Under Karges’ direction, we crossed the wide ford that had held us up the previous day. A few yards away is the well-marked, gated entrance to the 8-acre preserve named after Phillip Eckert, a rancher who made the first recorded discovery of the cave in 1907. His grandson, Clinton Schulze, and his wife, Anne Schulze, are credited with assuring the land’s conservation and shaping the interpretative trail that leads to the cave’s mouth. During the summer months, the conservancy offers scheduled weekend tours for as many as 100 people at a time to two viewing spots outside the cave. The water-carved cavern is home to 4 million bats of two varieties, Mexican free-tailed and cave myotis, which live in separate colonies inside the cave and emerge in pulses containing an estimated 100,000 flying mammals at a time. Predators lie in wait at the entrance, but since the bat population is in the millions, the numbers are on the bats’ side.
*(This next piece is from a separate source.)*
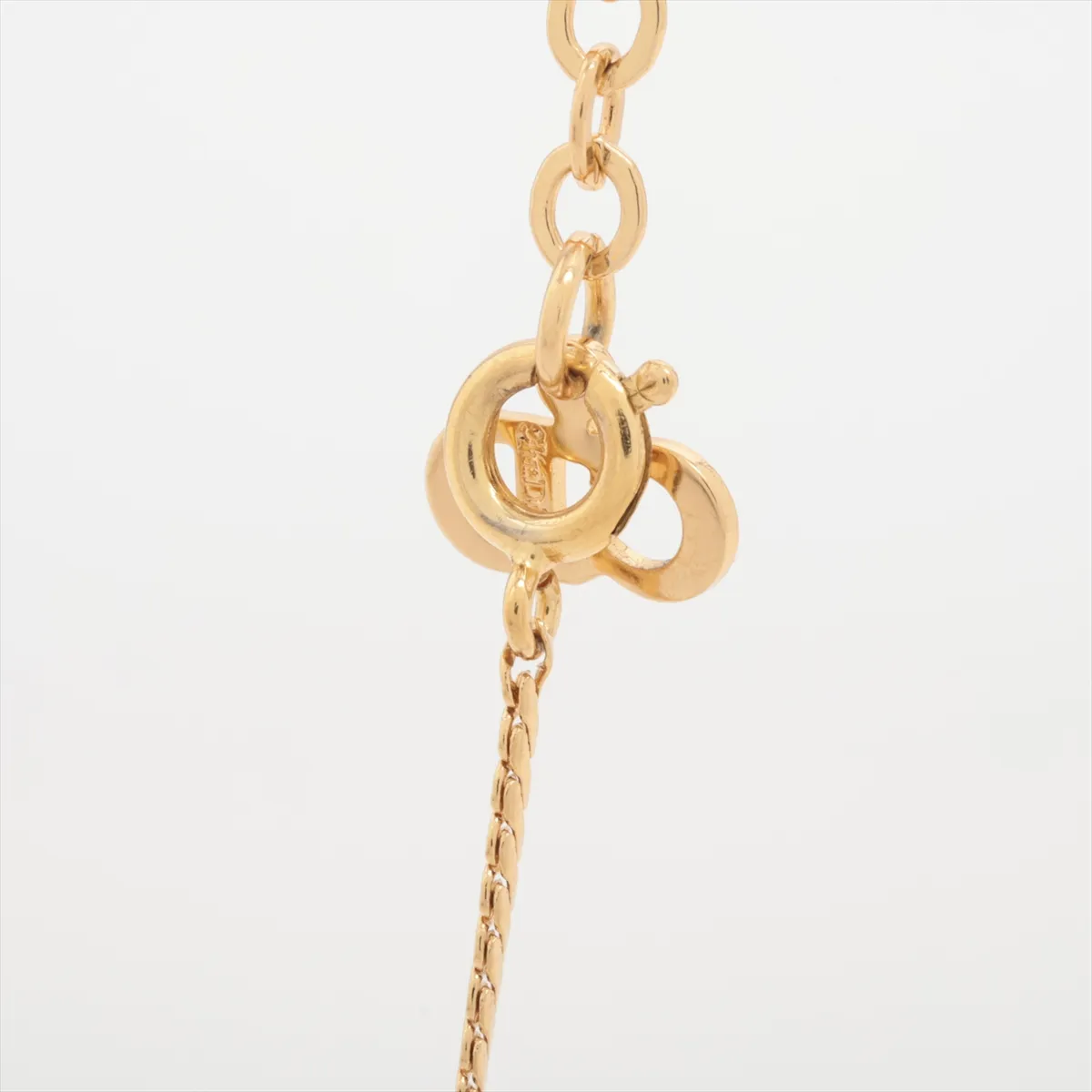 CD logo necklace, gold-plated with rhinestones. Shows wear, tarnishing, and discoloration. — view 3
“They make vortex spirals as they emerge,” Karges said. “And now we know that there are exchanges among the Central Texas bat colonies. They are hard to monitor, but we are learning more all the time.”
The Pease
The Pease begins northeast of the small town of Paducah. It continues to where it disgorges into the Red River after flowing through rugged ranchland near the town of Vernon. It also passes by the city of Quanah, which we wanted to explore for its associations with the last Comanche chief, Quanah Parker, and his mother, the twice-kidnapped Cynthia Ann Parker. After Quanah, the Pease curves northward toward Vernon and its terminus at the Red River.
The Pease River awaits visitors along the stony banks at two handsome plots of public land, the Matador Wildlife Management Area and Copper Breaks State Park. We encountered the North, Middle, and South Pease rivers up and down county roads off US 62 between Childress and Paducah. Two of the three forks of the Pease are accessible for tourists at the Matador Wildlife Management Area, which contains 28,000 acres of rolling high-grass prairie dotted with mesquite, juniper, and shinnery oaks.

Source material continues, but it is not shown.